2. Materials and Methods
2.1. Patients and Controls
We retrospectively analyzed the data of 137 patients with primary SS and 32 SLE patients with secondary SS (sSS) who had been admitted to Peking University People's Hospital between January 2016 and December 2017. All SS patients were diagnosed based on the revised US-EURO classification criteria for SS (2002) or ACR classification criteria (2012). SLE patients were diagnosed according to the 1997 revised classification criteria of ACR or the 2017 SLICC classification criteria. And patients with other diseases such as RA and diabetes were excluded. One hundred and twenty seven healthy controls (HCs) were selected from age- and sex-matched disease-free subjects who underwent routine medical examinations at our hospital.
This study was approved by the Medical Ethics Committee of Peking University People's Hospital. All the subjects provided their written informed consents before the samples were obtained. Patient consent was obtained according to the Declaration of Helsinki.

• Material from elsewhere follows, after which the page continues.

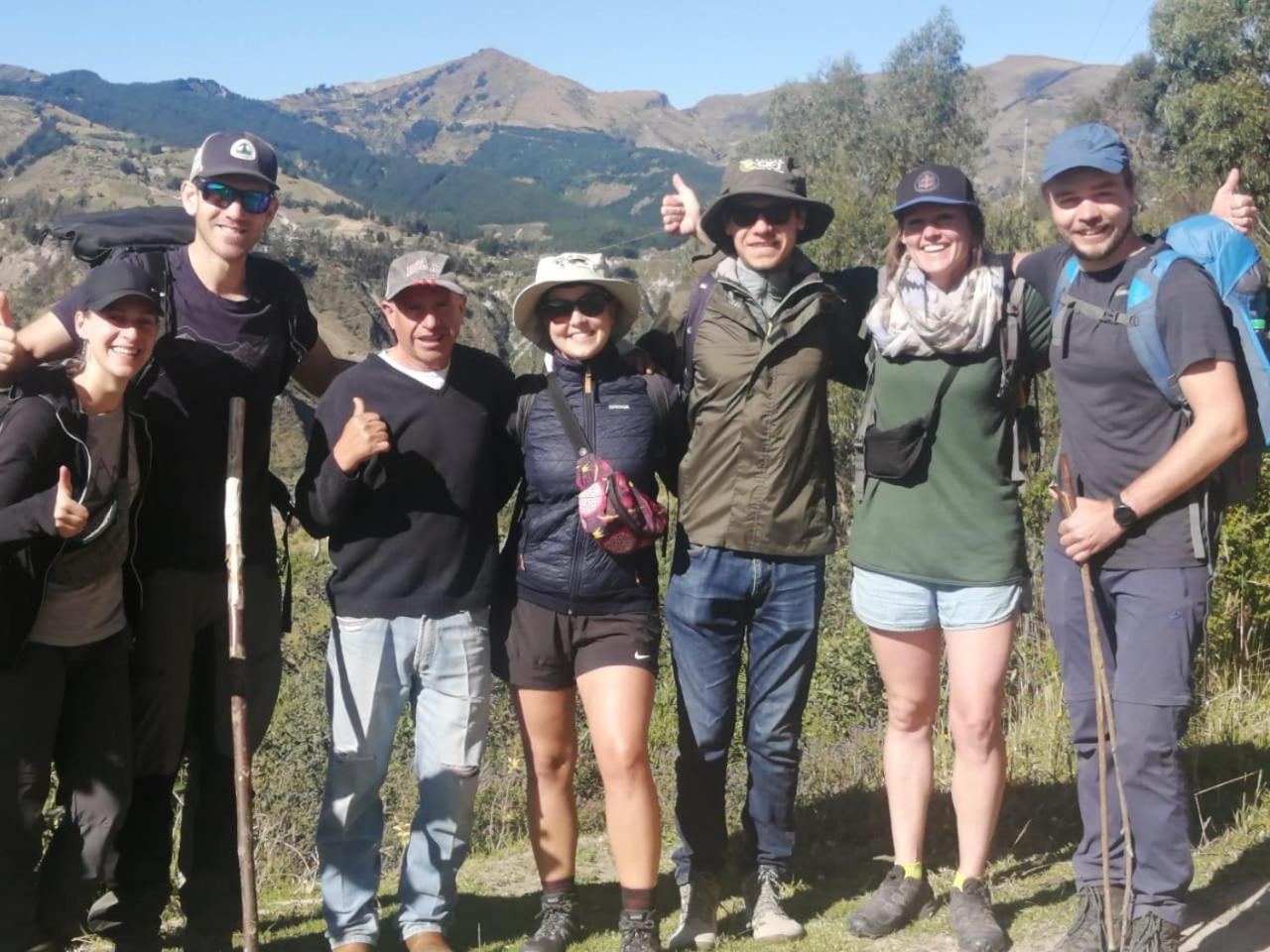 Hostal El Vaquero Chugchilan ภายนอก รูปภาพ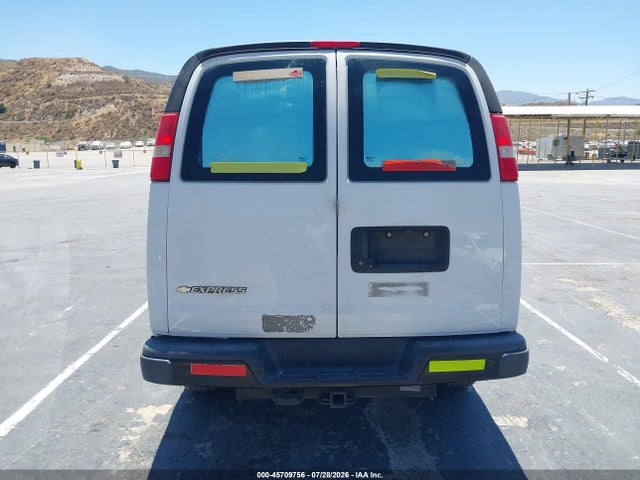 Chevrolet Express 2500 Work Van 2019 1GCWGAFGXK1298098 Image 16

2.2. Blood and Saliva Samples
The serum samples of 137 pSS patients, 32 sSS patients, and 127 HCs were collected and preserved at -80°C before tests. Their clinical and laboratory data were reviewed. Among them, saliva samples of 12 pSS patients and 24 HCs were also obtained using a specialized device—RNAPro•SAL™ Oral Specimen Collection System (produced by Oasis Diagnostics® Corporation)—following the instruction and centrifuged. Further antibody detection was done in 24 hours.
2.3. Enzyme-Linked Immunosorbent Assay (ELISA)
Autoantibodies to CA6, SP1, and PSP were determined using ELISA kits (Immco Diagnostics Inc., Buffalo, NY). Serum samples were diluted 100 times according to the instruction of the ELISA kit, and the saliva samples were diluted 10 times according to our pilot experiments. Following the instruction, the results were expressed in ELISA units per milliliter (EU/ml) and defined as positive for a value ≥ 20 EU/ml or negative for a value < 20 EU/ml in the serum.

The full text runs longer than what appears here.